Martin said one major barrier for most potential truffle growers is the time it takes to cultivate the crop. When you say “it’s going to be eight years before they have a salable crop, everybody goes, well, no, we’re not interested, she said. ”

More recently, researchers from two major universities, alongside citizen scientists and truffle dogs, identified two new truffle species native to North America.

When Townsend first planted her own tree on her farm in Kentucky, she said she had to learn some “tough lessons along the way.” One was finding out that “conventional wisdom” of using herbicide to eliminate every weed and plant among the trees for 7 years to avoid vegetative competition, left her orchard looking like “scorched earth.”

“We just stepped back and said, gosh, you know, this cannot be right to the extent that we were taught,” she said. “I eliminated all herbicides in my orchard. And as soon as I did that, my soil is better, and the worms are back.”

Townsend said common wisdom among truffle growers producing the European-native black truffles used to be to exterminate any other variety of truffles. Now, those same growers across the U.S. are looking more closely at what truffles grow in their home soil.

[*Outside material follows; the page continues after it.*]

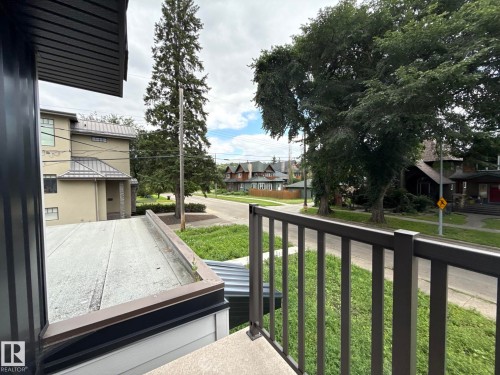 8732 101 Avenue Nw, Edmonton, AB - Outdoor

“We have indigenous truffles all over the United States,” she said.

Meadows said with how difficult it can be to replicate European growing conditions for high value truffles, it might be a good idea for more growers to start looking to sell native truffles.

“Maybe we find out that the black [truffle] isn’t great for eastern North America and maybe we can’t unlock the code to get it to produce commercially,” she said. “So how do we increase the market for our native truffles?”

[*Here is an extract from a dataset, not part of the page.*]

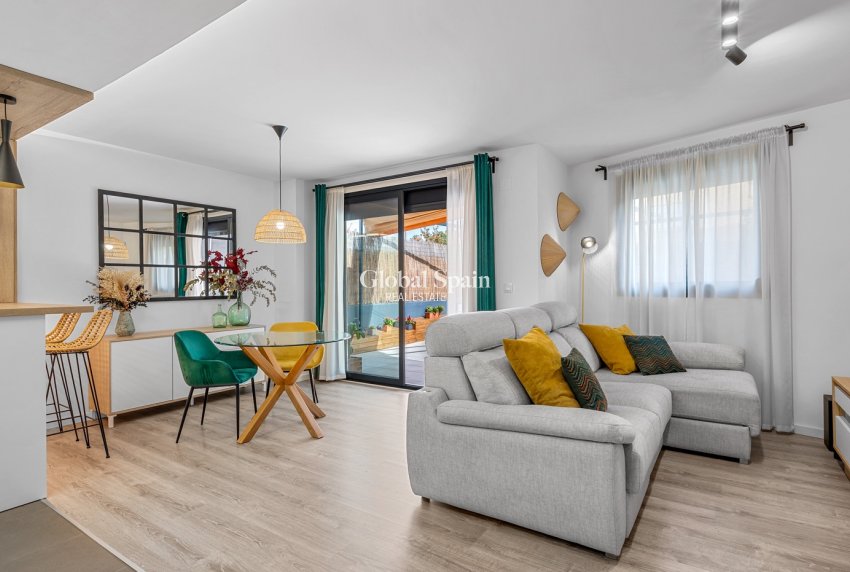 Wederverkoop - APPARTEMENT -
EL CAMPELLO - Muchavista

Researchers said knowing more about native truffles could be the next frontier.

Martin, in Virginia, is still focused on her prized black truffles and selling them to people who come to tour the farm, local chefs and online buyers. But, she’s already looking ahead to see what’s next.

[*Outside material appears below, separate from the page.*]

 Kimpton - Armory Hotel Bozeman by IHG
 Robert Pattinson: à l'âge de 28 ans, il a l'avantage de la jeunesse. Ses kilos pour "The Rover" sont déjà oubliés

“We now know better than ever that we have some native truffles here that have culinary value,” she said. “The demand is there and the cuisine has changed.”

Townsend said she hopes her generation of truffle growers can help the next generation.

“The orchards coming on board now, I am very encouraged that we’ve transferred enough information that those orchards may really get up to significant production quantities,” she said.

Educating truffle consumers

Truffles are expensive, retailing between $800 and $1,000 per pound, but you might see truffle oil, truffle salt or truffle-flavored potato chips in the grocery store for a fraction of that price. That’s because the flavor can be mimicked by artificial flavors.

In fact, growers like Townsend believe the “competition is artificial flavors.”

“Truffles are ephemeral in their experience, they are as much aroma as they are flavor,” she said. “If it knocks you out of your chair, it’s not a real truffle.”

The North American Truffle Growers’ Association has about 200 members, including farmers, researchers and foragers. Townsend said the market for truffles is growing. That’s why they are working on ways to better educate American consumers about what they’re eating and what options they have if they’re looking for real truffles.